Given the potential of therapeutic mentoring to expand access to mental health services, particularly for marginalized youth populations, a precise definition is crucial for advancing the field of what therapeutic mentoring is and is not. At the Center for Evidence-Based Mentoring, we assert that the term therapeutic mentoring should be used to describe a distinct type of mentoring program that:
1) explicitly focuses on reducing negative mental health symptoms and increasing psychological well-being and thriving among youth;
2) is delivered by paraprofessionals;
3) uses evidence-based practices to target underlying mechanisms of mental health challenges; and
4) is supervised by licensed mental healthcare providers.

New course from the Center for Evidence-Based Mentoring

Dr. Rhodes and I are excited to announce our latest training program in partnership with MentorPRO Academy: The Center for Evidence-Based Mentoring’s Certification in Therapeutic Mentoring.

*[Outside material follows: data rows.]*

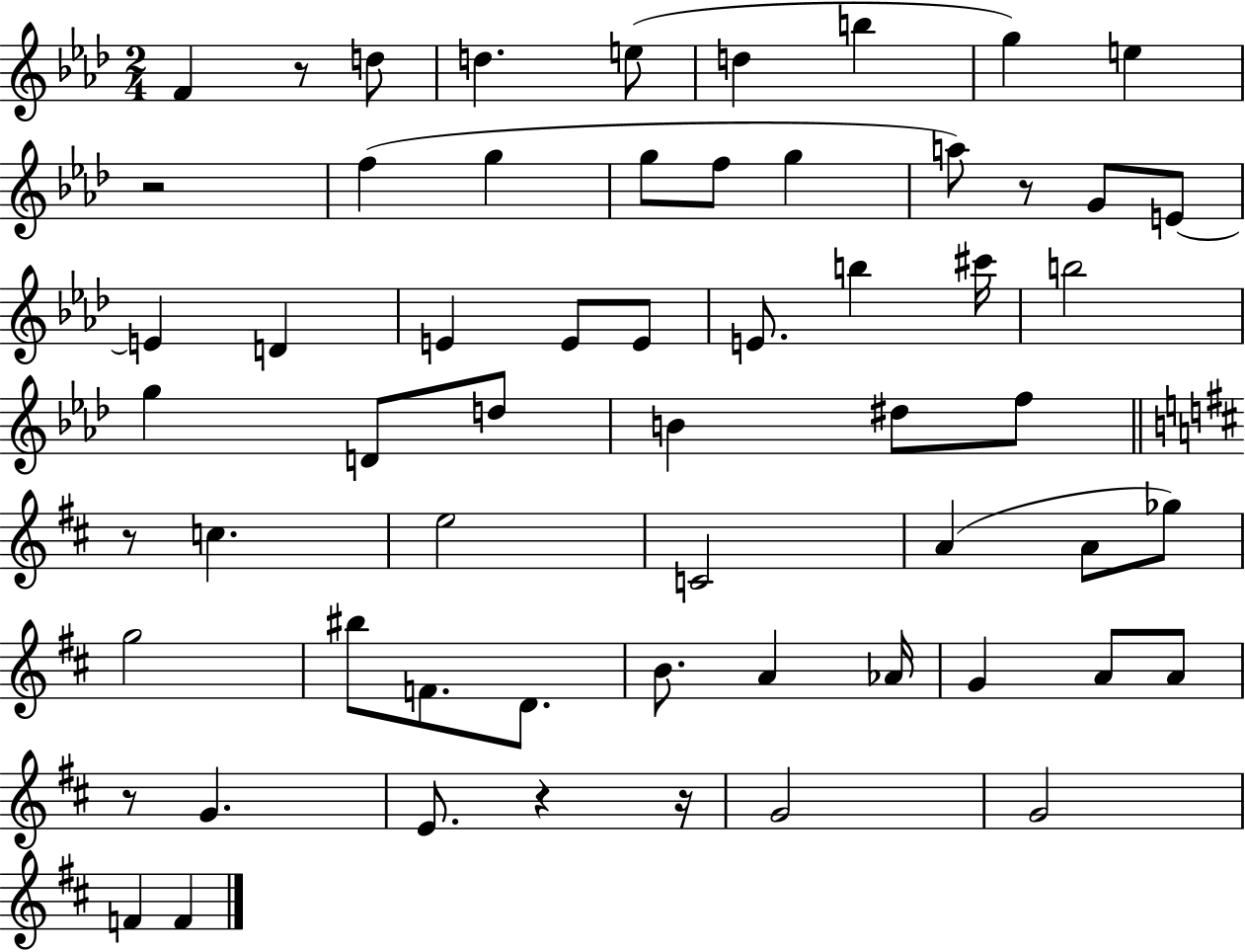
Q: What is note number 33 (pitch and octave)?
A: E5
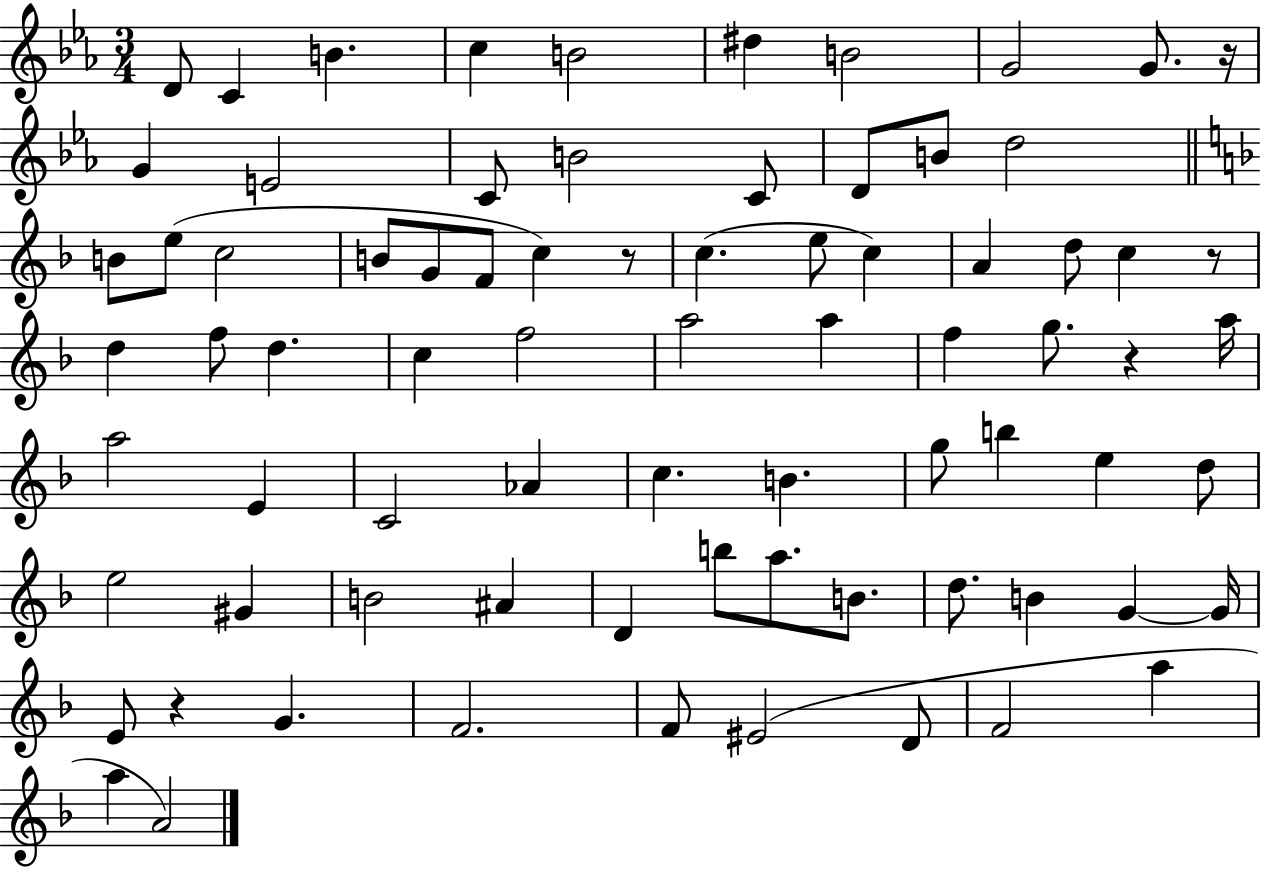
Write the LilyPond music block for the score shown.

{
  \clef treble
  \numericTimeSignature
  \time 3/4
  \key ees \major
  d'8 c'4 b'4. | c''4 b'2 | dis''4 b'2 | g'2 g'8. r16 | \break g'4 e'2 | c'8 b'2 c'8 | d'8 b'8 d''2 | \bar "||" \break \key f \major b'8 e''8( c''2 | b'8 g'8 f'8 c''4) r8 | c''4.( e''8 c''4) | a'4 d''8 c''4 r8 | \break d''4 f''8 d''4. | c''4 f''2 | a''2 a''4 | f''4 g''8. r4 a''16 | \break a''2 e'4 | c'2 aes'4 | c''4. b'4. | g''8 b''4 e''4 d''8 | \break e''2 gis'4 | b'2 ais'4 | d'4 b''8 a''8. b'8. | d''8. b'4 g'4~~ g'16 | \break e'8 r4 g'4. | f'2. | f'8 eis'2( d'8 | f'2 a''4 | \break a''4 a'2) | \bar "|."
}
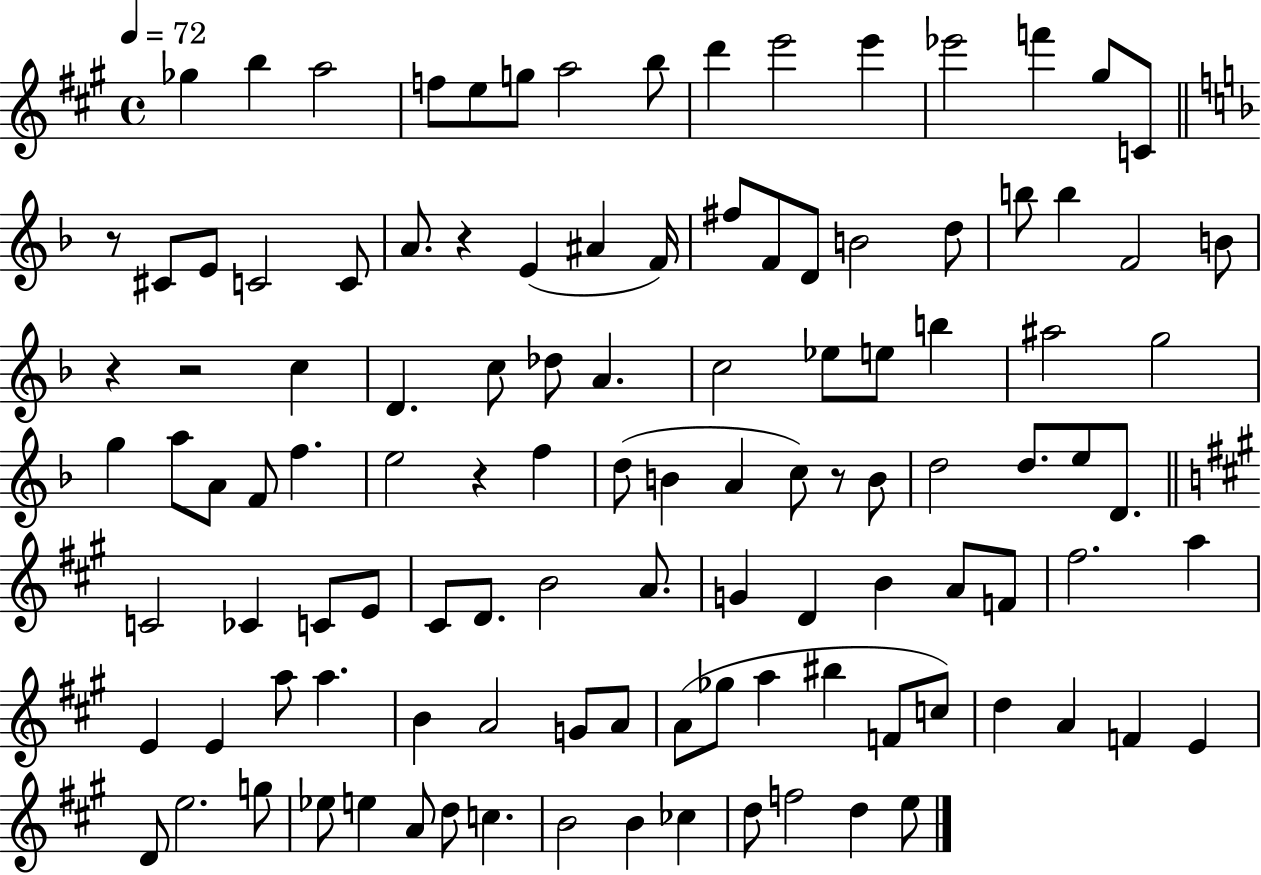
Gb5/q B5/q A5/h F5/e E5/e G5/e A5/h B5/e D6/q E6/h E6/q Eb6/h F6/q G#5/e C4/e R/e C#4/e E4/e C4/h C4/e A4/e. R/q E4/q A#4/q F4/s F#5/e F4/e D4/e B4/h D5/e B5/e B5/q F4/h B4/e R/q R/h C5/q D4/q. C5/e Db5/e A4/q. C5/h Eb5/e E5/e B5/q A#5/h G5/h G5/q A5/e A4/e F4/e F5/q. E5/h R/q F5/q D5/e B4/q A4/q C5/e R/e B4/e D5/h D5/e. E5/e D4/e. C4/h CES4/q C4/e E4/e C#4/e D4/e. B4/h A4/e. G4/q D4/q B4/q A4/e F4/e F#5/h. A5/q E4/q E4/q A5/e A5/q. B4/q A4/h G4/e A4/e A4/e Gb5/e A5/q BIS5/q F4/e C5/e D5/q A4/q F4/q E4/q D4/e E5/h. G5/e Eb5/e E5/q A4/e D5/e C5/q. B4/h B4/q CES5/q D5/e F5/h D5/q E5/e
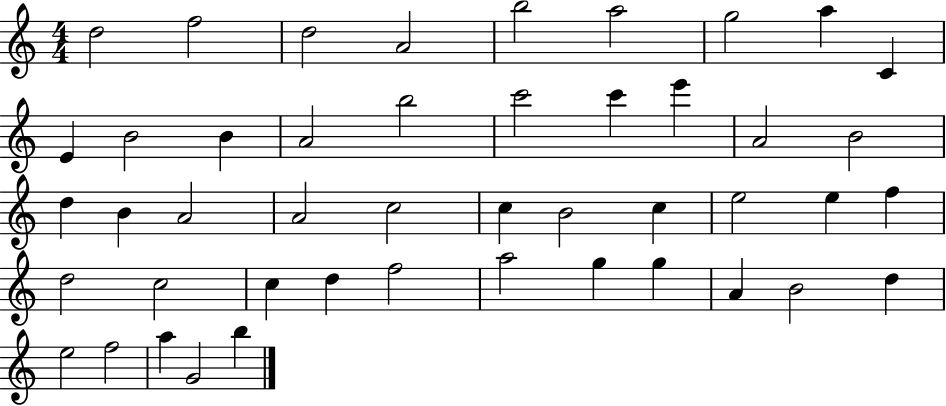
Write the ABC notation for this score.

X:1
T:Untitled
M:4/4
L:1/4
K:C
d2 f2 d2 A2 b2 a2 g2 a C E B2 B A2 b2 c'2 c' e' A2 B2 d B A2 A2 c2 c B2 c e2 e f d2 c2 c d f2 a2 g g A B2 d e2 f2 a G2 b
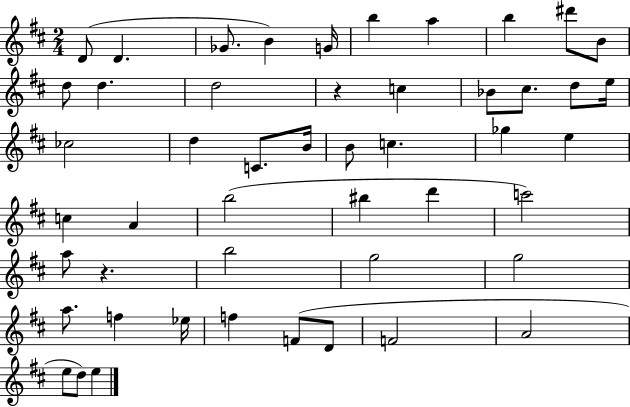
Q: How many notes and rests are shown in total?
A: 49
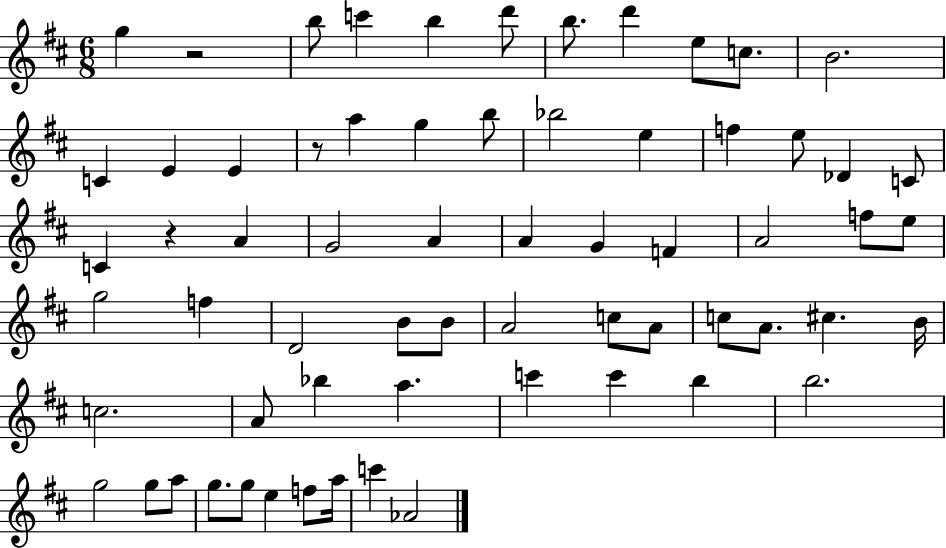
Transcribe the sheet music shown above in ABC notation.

X:1
T:Untitled
M:6/8
L:1/4
K:D
g z2 b/2 c' b d'/2 b/2 d' e/2 c/2 B2 C E E z/2 a g b/2 _b2 e f e/2 _D C/2 C z A G2 A A G F A2 f/2 e/2 g2 f D2 B/2 B/2 A2 c/2 A/2 c/2 A/2 ^c B/4 c2 A/2 _b a c' c' b b2 g2 g/2 a/2 g/2 g/2 e f/2 a/4 c' _A2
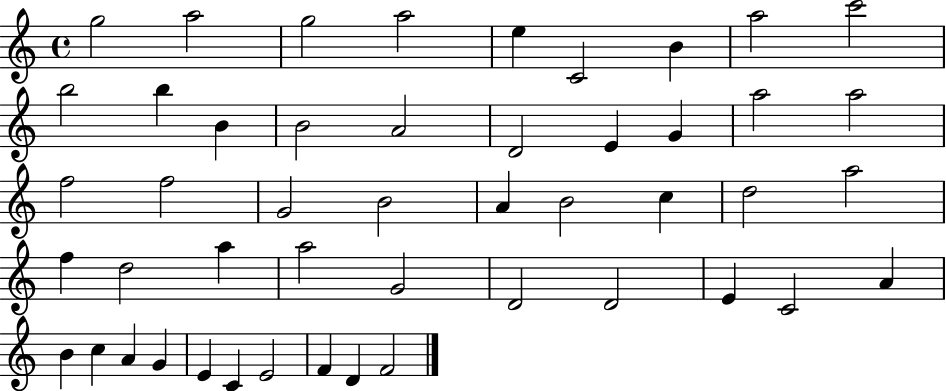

This course will cover the essential skills for therapeutic mentoring: common mental health challenges and their evidence-based interventions, ethics of mentoring, cultural humility and taking a strengths-based approach, basic cognitive behavioral and motivational interviewing skills to support young people, and collaborating with a care team and parents/guardians. This virtual course will meet for an hour each week for 12 weeks. Each session will be a combination of live didactics, interactive role-plays, and in-depth discussions. At the end of the course, learners will have to pass a one-on-one oral exam with me, the instructor, via Zoom to receive the certificate. To our knowledge, this is the first training program of its kind. We are excited to partner with programs and professionals to disseminate this treatment model. 

If you are interested in learning more about this training opportunity, please visit our website.

As a licensed clinical psychologist, I am excited about the opportunity to expand access to mental health services while also creating pathways for professional development for those interested in helping professions. One of the challenges clients often face in traditional therapy is staying motivated to apply therapy skills in their daily lives. Even when they remember the skills, factors like low motivation or negative attitudes can interfere with implementation. For example, I often work with youth who struggle to engage in basic self-care activities, such as taking daily walks or reflecting on their thoughts and feelings. This is where therapeutic mentors can make a significant difference: by meeting youth in their homes or communities, therapeutic mentors provide hands-on support and encouragement to help them practice these activities between therapy sessions. This consistent, real-world reinforcement can drastically improve outcomes and may even reduce the number of sessions needed with highly trained professionals.  

As a therapist, I wish my job weren’t needed—I wish all youth could thrive without therapy. But until then, therapeutic mentoring offers a powerful way to increase access to care and enhance the effectiveness of mental health support.